Membership of and support for para-church organisations, whether mission agencies, evangelicist bands or cultural/religious institutions must all come after commitment to the local church and never before.

Imagine what American Protestantism would look like if The Gospel Coalition adopted that set of priorities.

9 thoughts on “Moderate Presbyterians, Irish or American

  1. How about educational/business/science institutions?

    Beats me why it TGC is more “terrible” than those other “para-” institutions. The idolatry is real. It doesn’t discriminate between “sacred” and “secular”.

    And Scott R. Scott is soooo boring.


  2. Growing up, becoming “of age” and leaving childish ways behind, means, serving BOTH the visible (local, piety, and word/sacrament/discipline) and the invisible (the global, the enterprising, and the law/society/city).

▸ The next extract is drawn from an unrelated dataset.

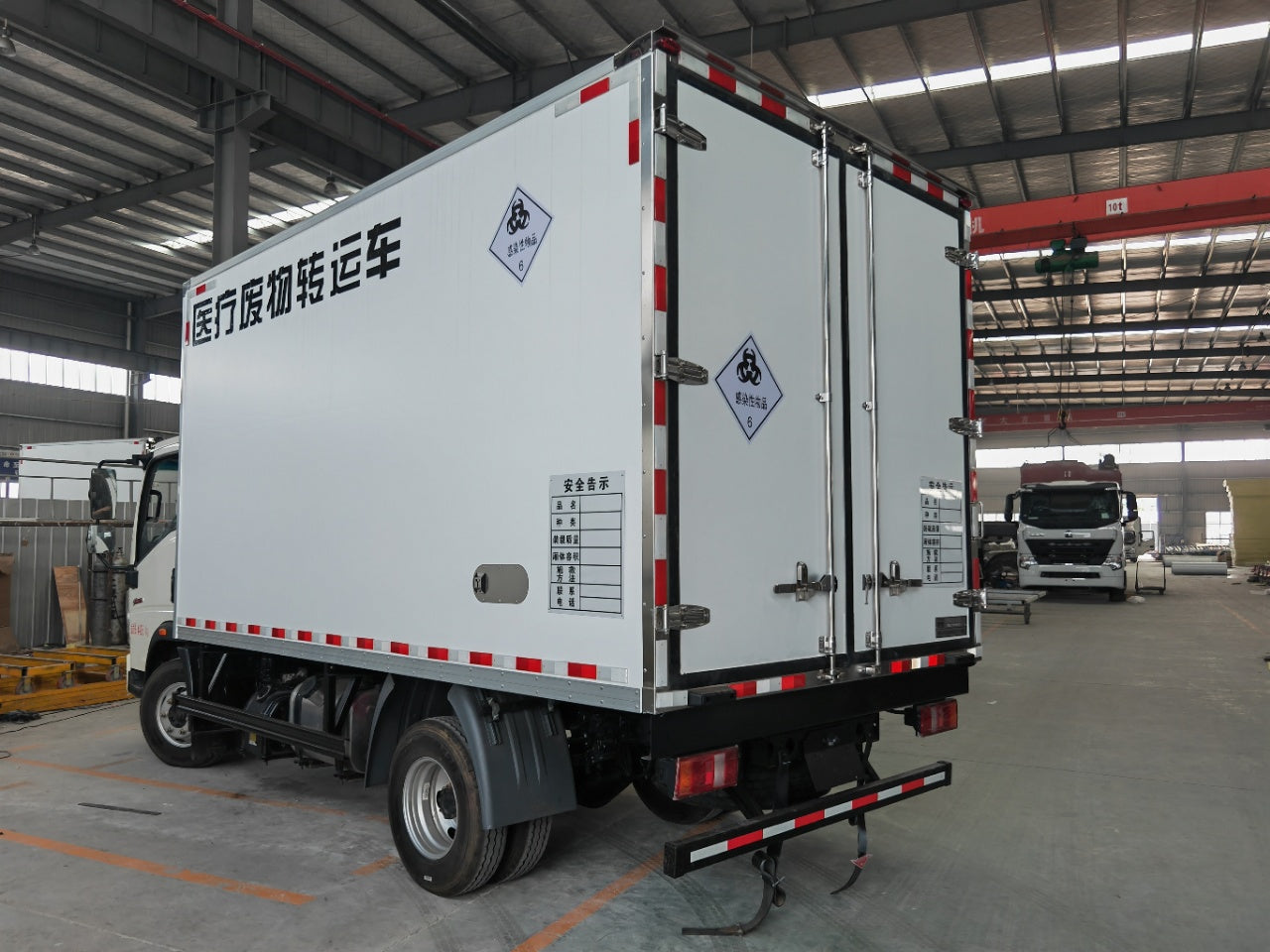 Used Sinotruk 130HP Refrigerated Medical Waste Truck for Sale detail view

    Keller is actually correct; by and large; choosing between the two options is a false dichotomy.

    The only alternative is laziness.


  3. “How about educational/business/science institutions?”
    Putting education before church is idolatry.

    Parachurch organizations are different from church in that the parachurch organizations attempt to fulfill a facsimile of the mission of the church. This creates a temptation for believers to substitute the role of the parachurch organization for the church itself. Secular organizations do not carry the same kind of temptation.

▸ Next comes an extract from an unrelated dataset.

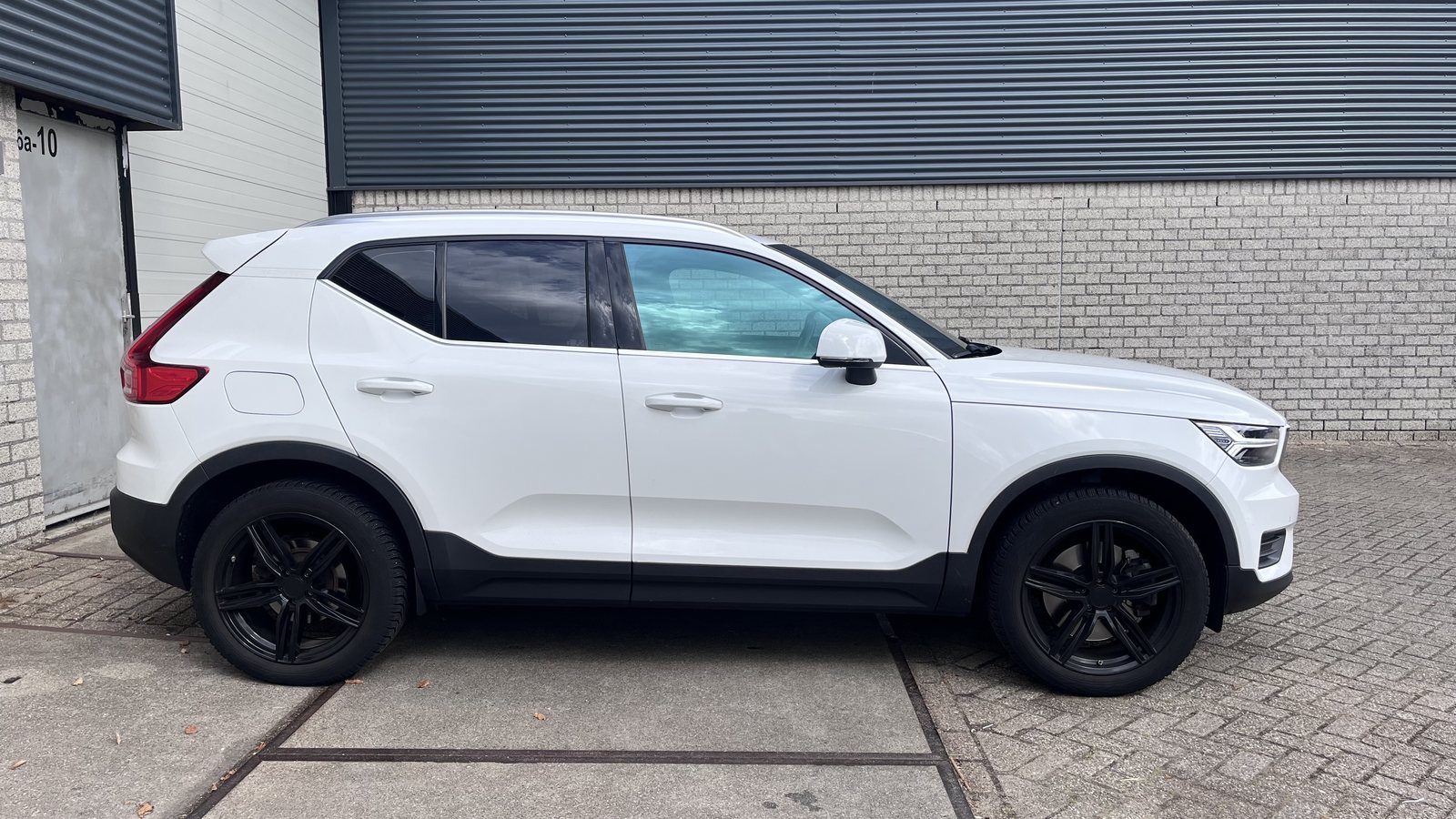 Witte Volvo met chameleonfolie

    Your visible/invisible distinction is curious. Generally when people talk about the visible church, they have in mind the things you mention. The invisible church is all of the elect, not secular society (which is comprised of wheat and tares much like the visible church).


  4. Sdb, your brain is so small as to think replacing the word “para-” with “secular” makes you think you have avoided the idolatry or the false dichotomy… (as if the priority of feeding oneself or family, tithing, “driving” to the church -haha to receive the sacrament, comes “secondary” to “the gospel”, so dumb!!!)

    There is no Gospel (visible Church), without the Law (invisible Church living, has lived, and going to live -our children!!!- among the pagans); it is buffoonish to think that is even remotely feasible or realistic.


  5. Since I am annoyed, appalled and disgusted…

    May I just add that all these attempts to make us all “worship” the local church are just Satanic.

    God is not dumb. Even good, superior and excellent gifts he provides are “nice” but not our masters. Our Confessional churches are so teeny, tiny, so few and too financially starved for us to be going round, and round in the great bath of insipidity; failure to get our act right means we opt for liberalism, “big pseudo-confessional churches” or even Rome for some; OR, we always have to option of worshiping only one God, in the local “three marks” church, and out in the “wider” world of other believers, families (good luck finding a wife/husband in the OPC!), and pagans.


  6. You have made a big fan of the “Presbyterian Herald”. And why did the OPC switch our magazine name from the Presbyterian Guardian to New Horizons? That was terrible idea.